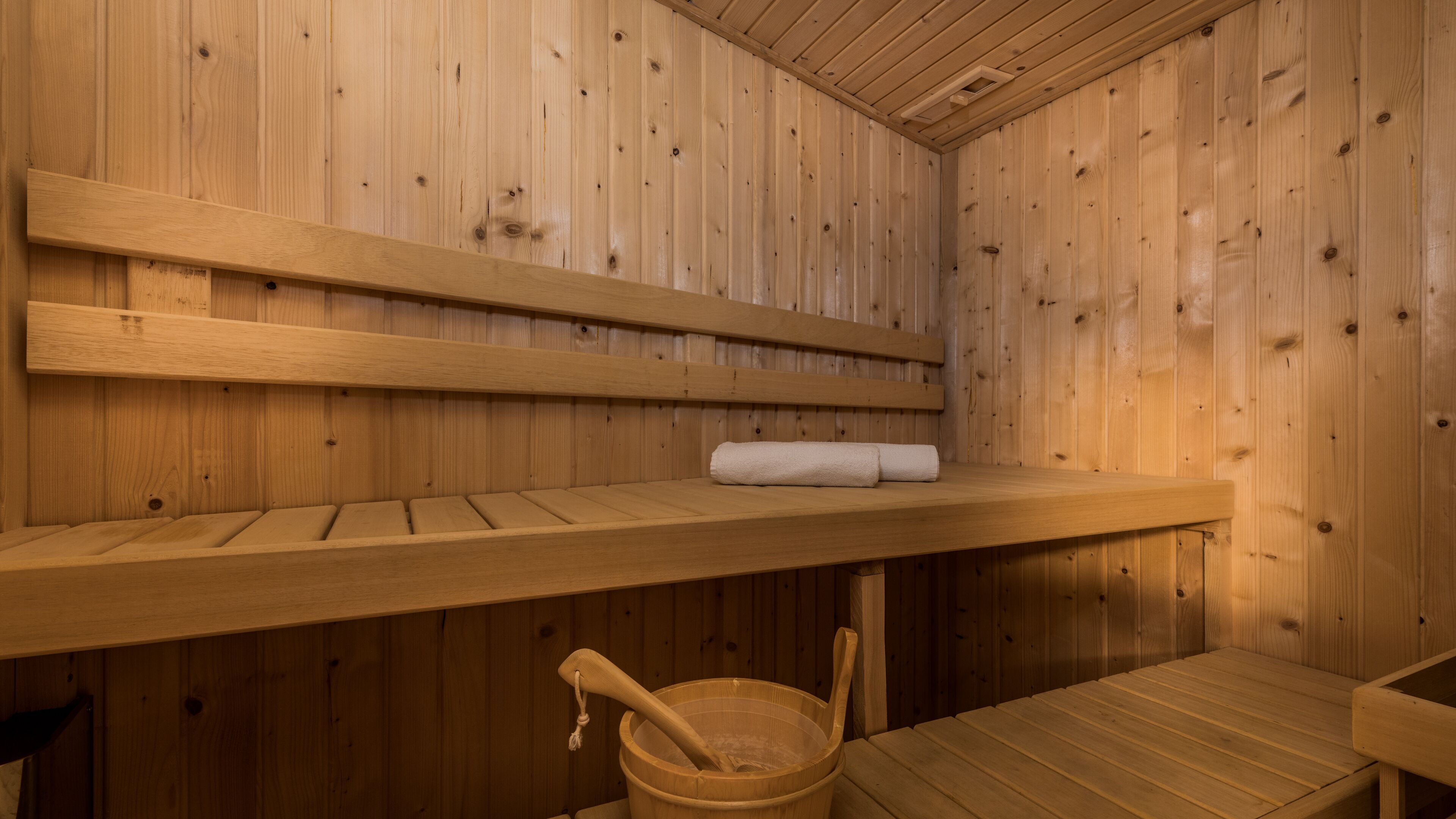 Puisesta laudelavasta ja ämpäristä koostuva sauna.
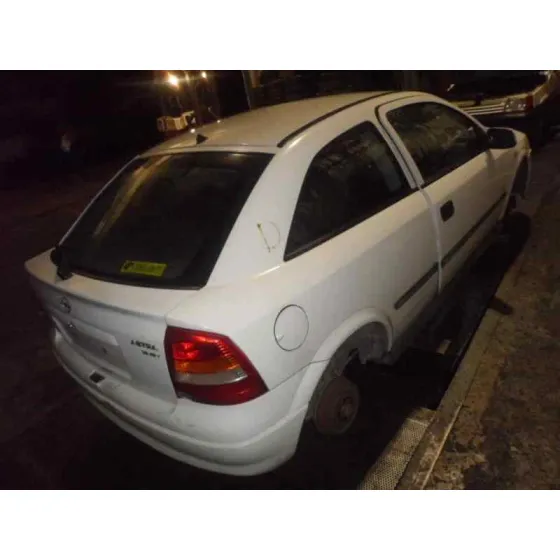 OPEL ASTRA G BERLINA '2001 1.6 16V BLANCO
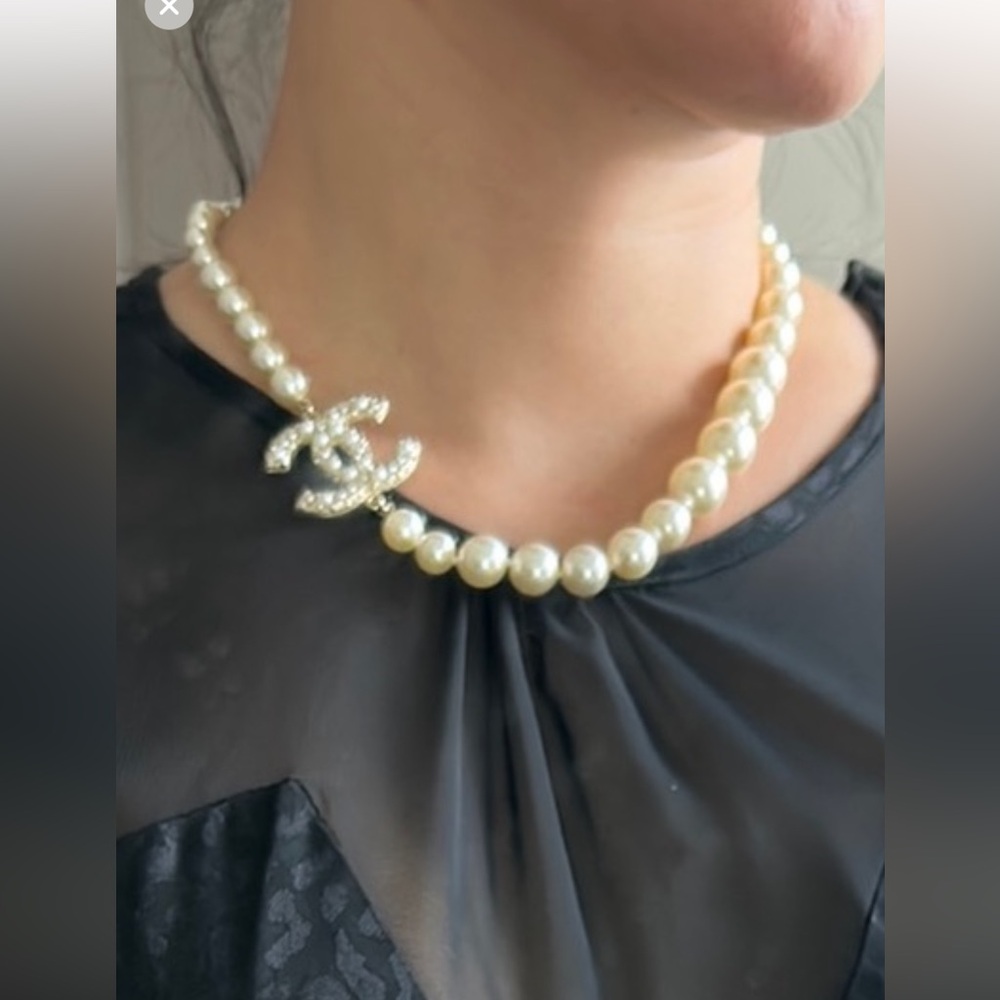 Authentic Chanel Pearl Necklace/Choker ONLY. Earrings Not Included.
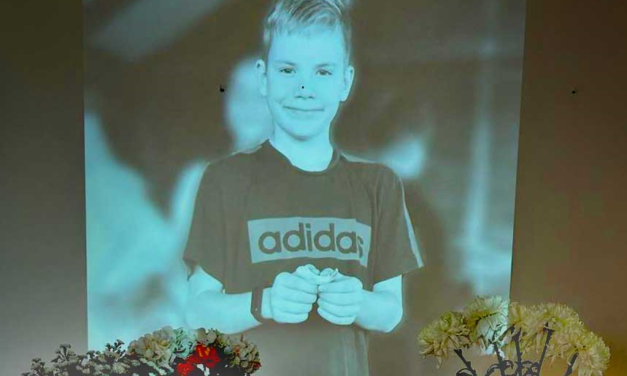 „Levi, soha nem felejtünk el” – szívfacsaró összefogás a budakeszi tűzben elhunyt 11 éves fiú családjáért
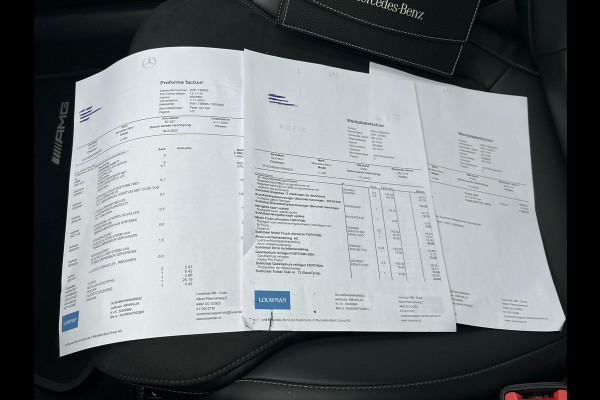 Mercedes-Benz C-Klasse 300 AMG Line VAN: 43.900,- VOOR: 39.877,- UW LENTEVOORDEEL: 4.023,- | MEGA COMPLEET!! | RIJKLAARPIJS incl. 12mnd BOVAG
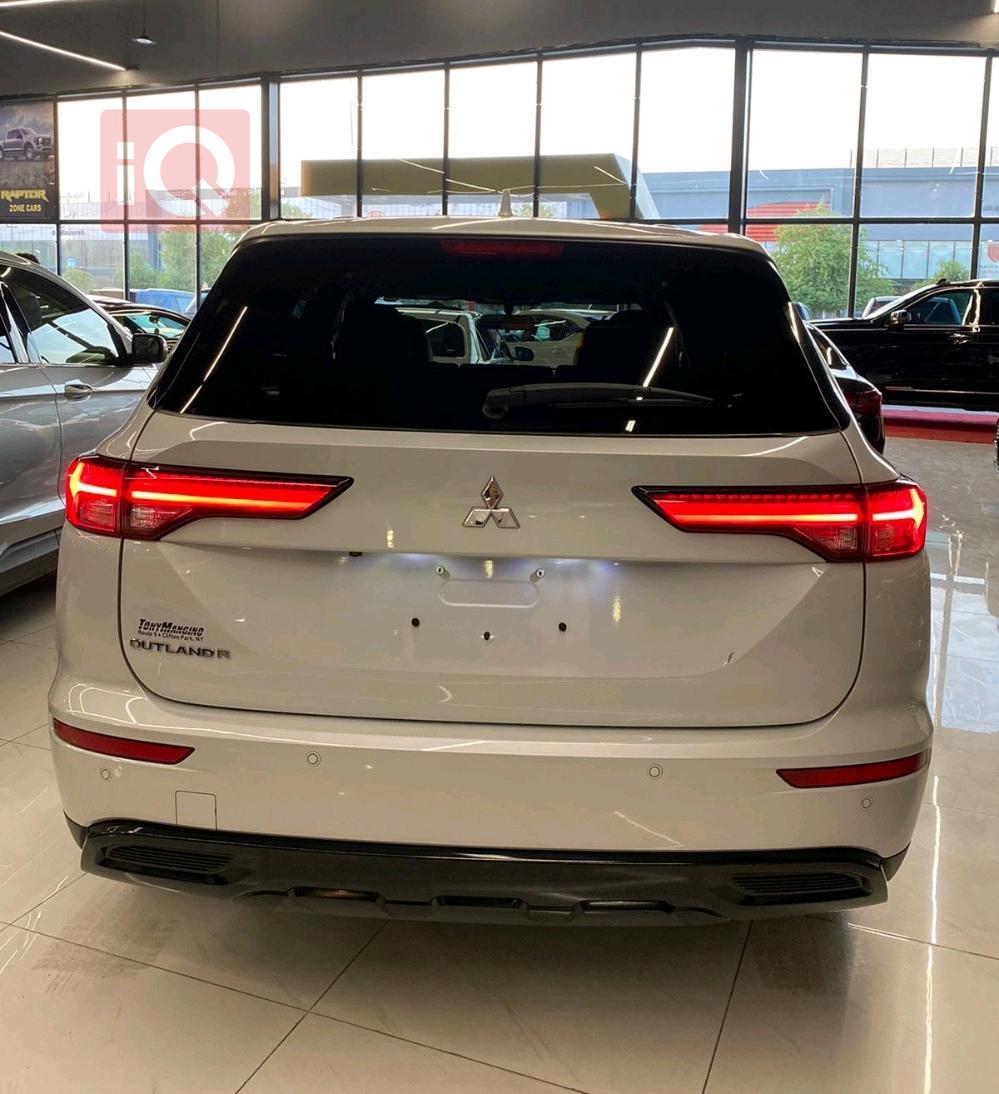 میتسوبیشی ئاوتلاندەر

───

Required work
No pictures belong in the copy: reproduce exactly the lines above from the one that contains "Authentic Chanel Pearl" through the last line of the entries.

Reply
 Authentic Chanel Pearl Necklace/Choker ONLY. Earrings Not Included.
 „Levi, soha nem felejtünk el” – szívfacsaró összefogás a budakeszi tűzben elhunyt 11 éves fiú családjáért
 Mercedes-Benz C-Klasse 300 AMG Line VAN: 43.900,- VOOR: 39.877,- UW LENTEVOORDEEL: 4.023,- | MEGA COMPLEET!! | RIJKLAARPIJS incl. 12mnd BOVAG
 میتسوبیشی ئاوتلاندەر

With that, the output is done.